Namir Smallwood and Karen Pittman
(Photo: Jeremy Daniel)

In it, the playwright, who is a woman of color, describes confrontations between herself and a white woman who complained about her laughter and other audible responses while watching a play. Morisseau used the incident to expound on what she described as theatre's "white privilege and elitism problem." Click here for a link to her essay.

So the Playbills for her newest Off-Broadway drama, the also-excellent Pipeline, contain inserts titled "Playwright's Rules of Engagement," where she assures patrons they are allowed to "laugh audibly" and "have audible moments of reaction and response."

And Morisseau certainly gives viewers a lot to respond to. Like SKELETON CREW, Pipeline is a welcome addition to the recent deluge of Broadway and high-profile Off-Broadway plays dealing with contemporary political and social issues.

The title refers to the commonly used term "school-to-prison Pipeline," describing an environment of police supervision and zero tolerance in underserved public schools in urban minority neighborhoods that contributes to quickly funneling students into the penal system.

As a continual reminder of the atmosphere many American children are exposed to every school day, the tall blank walls of designer Matt Saunders' set are frequently blasted with designer Hannah Wasileski's projections showing real-life video footage of violent encounters involving students, teachers and police.

In the middle of this is Morisseau's central character, an English teacher named Nya (superbly textured Karen Pittman) who is doing her best to contribute any positive effect she can on her students.

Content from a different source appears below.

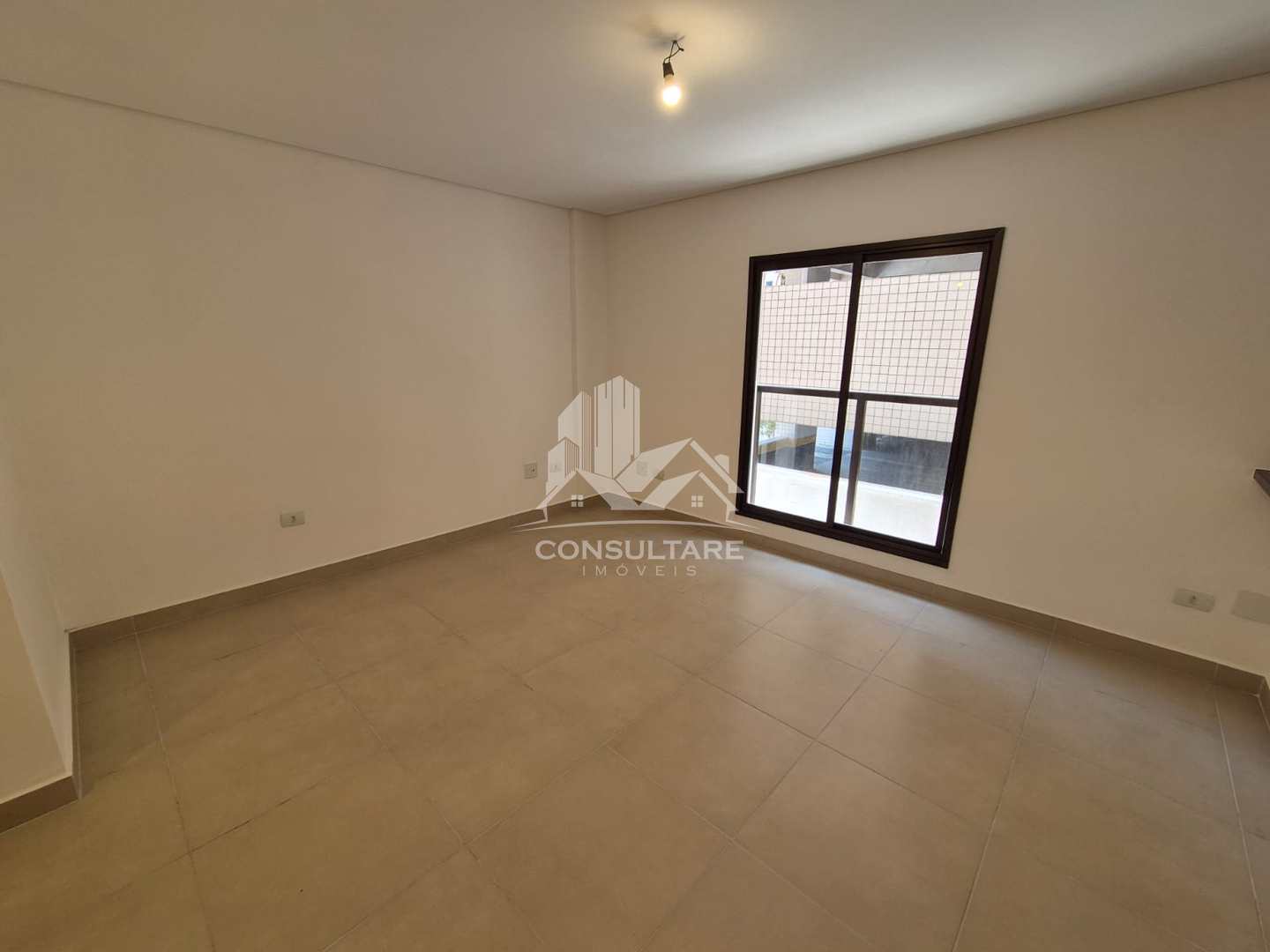 Casa à venda com 3 quartos, 143m² - Foto 1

A key scene has her introducing her class (the audience) to Gwendolyn Brooks' poem "We Real Cool. The Pool Players Seven at the Golden Shovel," emphasizing how the Harper Collins published version is set in a standard layout while Broadside Press published it using a graffiti style that contextualized the piece and highlighted the poet's use of broken English.

That lesson in choosing how your culture is represented also reflects on Nya's decision with her emotionally distant, upwardly mobile ex-husband Xavier (Morocco Omari) to send their teenage son Omari (excellent work by Namir Smallwood) to a private school, where he's expected to assimilate into a privileged culture rather than excel as part of his own community.

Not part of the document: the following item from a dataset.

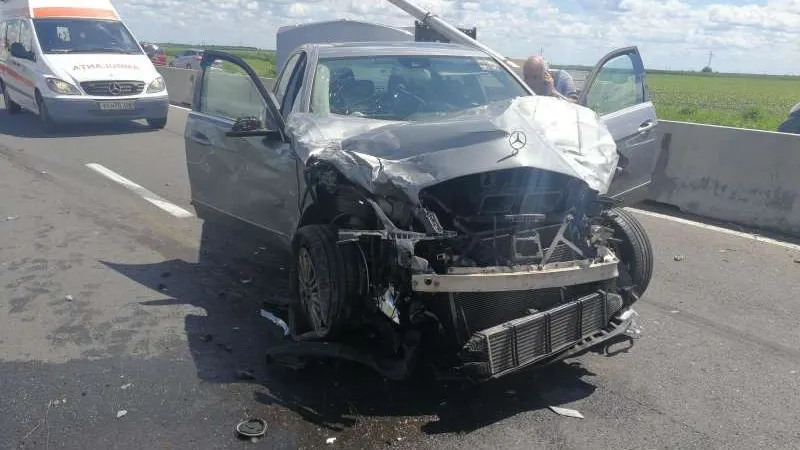 Accident grav! Patru mașini implicate, mai multe victime. Traficul pe DN1, restricționat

As the play begins, Omari is in danger of being arrested after a physical confrontation with a white teacher who made him feel singled out during a discussion of Richard Wright's "Native Son."

Pittman and Smallwood beautifully play out Morisseau's gripping moments where Omari tries to deal with the rage inside him and Nya defiantly struggles to keep a calm, in control exterior as she tries to shield her son from the future she sees in so many of the young black men who enter her classroom every day. Particularly effective in director Lileana Blain-Cruz's tightly wound production are scenes where the audience physically sees how thoughts of Omari's socially institutionalized fate haunt his mother.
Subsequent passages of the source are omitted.